In RAD Studio 10.3 we’ve made an interesting very low-level change that affects both Delphi and C++. This is a change in the how method parameters are passed when a method is invoked.
For the vast majority of customers, this issue won’t affect you -- or if it does, you will see the effect in terms of bugs that no longer occur.
However, you may be interested in what we changed, why, and the technical details, including if you write low-level assembly code.
C++Builder consumes Delphi .pas files. It does so by the Delphi compiler emitting a C++ header file (.hpp) containing C++-ized versions of the types, methods, and classes in a Delphi unit.
For example, a Delphi method:
procedure Foo(APoint : TPoint);
void Foo(const TPoint& APoint);
This allows Delphi code to be easily used from C++. From the C++ compiler’s point of view, it’s using C++ types and methods.
The eagle-eyed might have already spotted a problem with the above conversion. The Delphi code just passes a TPoint parameter, by value. But on the C++ side codifies this as by reference. Why?
This is the difference between an API (application programming interface, meaning the method declaration that you as a developer read and code against, including semantics such as passing by value) and ABI (application binary interface, meaning the way this is implemented under the hood, including how parameters are passed, such as in a register or on the stack.)
Delphi passes the variable by value; that is as a user (programming interface) it is a by-val parameter: you can read it, but writing has no effect on the variable the calling method passed, for example. These are the programming semantics: you know, reading the API, that regardless of how the compiler generates the assembly code you can rely on specific behaviour, in this case it having value semantics. It could actually be implemented any way at all, as a pointer to a pointer to a pointer to a pointer to a memory location (to choose something absurd) so long as the compiler hid that implementation from you, and using it in your code, it behaved as by-value.
In C++, it’s written as passed by reference and is constant; this is clearly not by-value but in terms of API semantics you cannot modify it, which this achieves the same thing.
In this case, a TPoint is an 8-byte value. On Win32, where registers used for parameter passing are 4-byte, it is passed as a reference (that is, as a pointer.) On Win64, however, the same registers are 8-byte which means the entire value can fit in a register. Rather than passing it by reference, requiring accessing the value by indirection, it could simply be passed in the register itself. That’s great codegen, because it’s more efficient.
C++ header generation was originally designed in the late nineties, when Windows 32-bit was the only platform around. As such, the distinction between API and ABI wasn’t taken into account. Because this TPoint value was passed by reference, although was accessed in code as a value, the generated C++ header codified that:
void Foo(const TPoint& APoint); ← the & indicates by reference. Const makes it unmodifiable
And suddenly, an implementation detail had leaked into the API. TPoint had to be passed by reference. But on Win64, it was not.
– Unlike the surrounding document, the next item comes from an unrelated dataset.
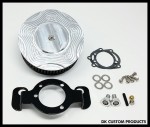 Complete CNC Cut DK Billet HiFlow 587 Air Cleaner for Harley Twin Cam DK Custom Harley Davidson Outlaw Air Cleaner Systems Complete EBS High Flow M-8 Milwaukee-Eight Softail Twin Cam Dyna  Touring Trike Freewheeler  Big Twin Stage I TBW Throttle By Wire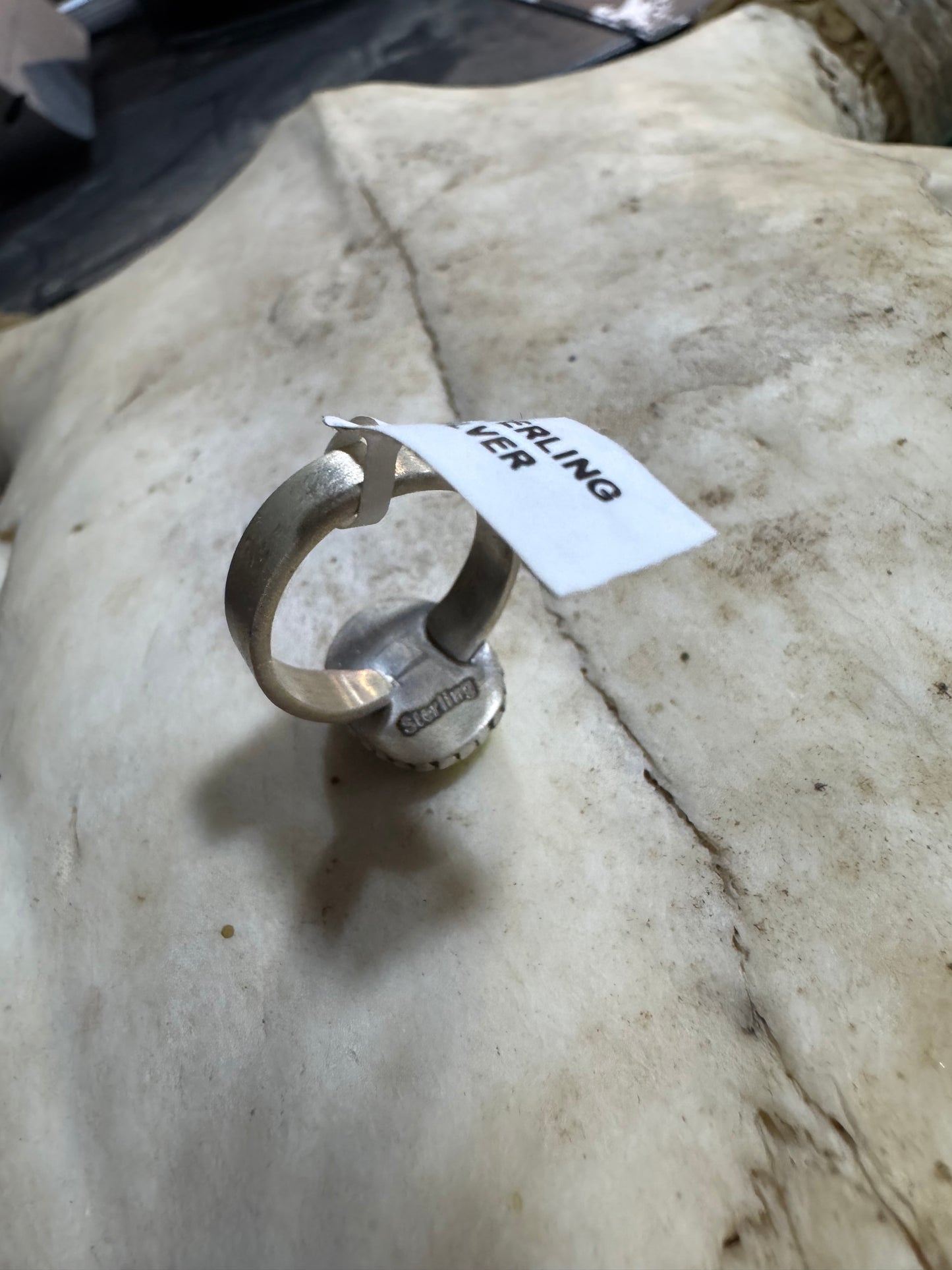 Neon Yellow Lab Opal Ring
This leaves us with a situation where on Win32, C++ will correctly find the TPoint value by reference (an indirection, ie the register contains a pointer to the value.) On Win64, it will also treat the register as a pointer to the value, because that’s what the API says. However, the pointer itself will be incorrect, because the register actually contains the TPoint value itself. Treating that same 8 bytes of memory as a pointer will effectively point to a random location, and so the TPoint variable accessed in code will contain junk data.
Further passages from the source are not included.